Raggiunta la definitiva maturazione registica, Larraín prosegue il percorso con la destrutturazione e la rielaborazione di un sottogenere come il biopic, di cui diventa uno dei massimo esponenti mondiali. Larraín va oltre l'agiografia o il mero pamphlet educativo, si concentra su episodi singoli nelle vite di personaggi illustri e li erge a simboli per raccontarne l'impatto sulla società, sulle nazioni, sull'iconografia.




Così, Neruda (2016), con cui il regista si confronta con la figura del più noto poeta cileno, emblema di una vita ribelle e libertaria, è un road movie incentrato sulla sua fuga dal Paese e sul costante gioco al gatto col topo con il poliziotto che lo insegue, Peluchonneau (ancora Bernal). Uscito lo stesso anno, Jackie è invece il suo primo film internazionale, con cui il regista classe 1976 passa con nonchalance dalla Storia nazionale a quella americana e mondiale, rievocando in un racconto in interni l'assassinio di JFK dalla prospettiva di Jacqueline Bouvier Kennedy (una straordinaria Natalie Portman). Da un'immagine divenuta icona – la Kennedy con il tailleur rosa Chanel, macchiato del sangue del marito – Larraín costruisce un'elaborazione del lutto personale e nazionale, un ritratto di donna che rappresenta l'America colpita in seno alla sua stessa democrazia e che, dopo quella tragedia, non sarebbe mai più stata la stessa.
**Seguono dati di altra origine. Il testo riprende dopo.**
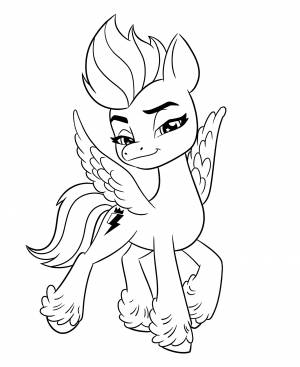 Раскраска Пегас Зипп Сторм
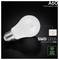 A60 thermoplastic LED bulb with E27 holder, labeled 'SMD LEDS provided by CREE'.<br>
Dalle stanze della Casa Bianca passa poi a quelle di Sandrigham House per raccontare Lady Diana (Kristen Stewart) in Spencer (2021). La forma della biografia raggiunge un punto di non ritorno, è definitivamente scomposto, “limitata” alle vacanze di Natale 1991 in cui la principessa triste decise di separarsi da Carlo d'Inghilterra. Abituati a trent'anni di cronache mondane, all'infinita serie di speciali, documentari e serie che parlano di Diana, ci troviamo di fronte a un'impostazione inedita della sua icona, a un dramma da camera girato come un horror che addirittura ci ricorda Shining, una storia di fantasmi, un viaggio nella frustrazione implodente di Diana Spencer il cui finale, inaspettatamente, ci regala per un attimo l'illusione di un lieto fine nella ben nota vicenda.




Prima che questa seconda trilogia si concluda con il film su Maria Callas con Angelina Jolie, Larraín ha deciso di chiudere il cerchio tornando alle origini con l'attesissimo El Conde, in concorso all'80ª Mostra del Cinema di Venezia. Villain in absentia nei primi film, apparso solo di sfuggita in Neruda, stavolta Augusto Pinochet è il protagonista assoluto, in un ulteriore passo in avanti nella demolizione del biopic che qui va oltre la Storia e diventa black comedy, fantasy e satira politica, con il dittatore trasformato in un vampiro di 250 anni.


Per ricordarci che gli orrori della Storia rischiano sempre di tornare.